## Task directions
Only the lines from the one containing "Balloon Sleeve Jacket Pants Suit Tan - 1" to the end of the data are wanted; print them exactly as they appear.

## Collected material
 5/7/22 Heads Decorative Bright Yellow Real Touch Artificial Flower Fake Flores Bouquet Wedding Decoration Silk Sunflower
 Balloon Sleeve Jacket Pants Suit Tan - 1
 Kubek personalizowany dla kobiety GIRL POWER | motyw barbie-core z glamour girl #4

## Answer area
 Balloon Sleeve Jacket Pants Suit Tan - 1
 Kubek personalizowany dla kobiety GIRL POWER | motyw barbie-core z glamour girl #4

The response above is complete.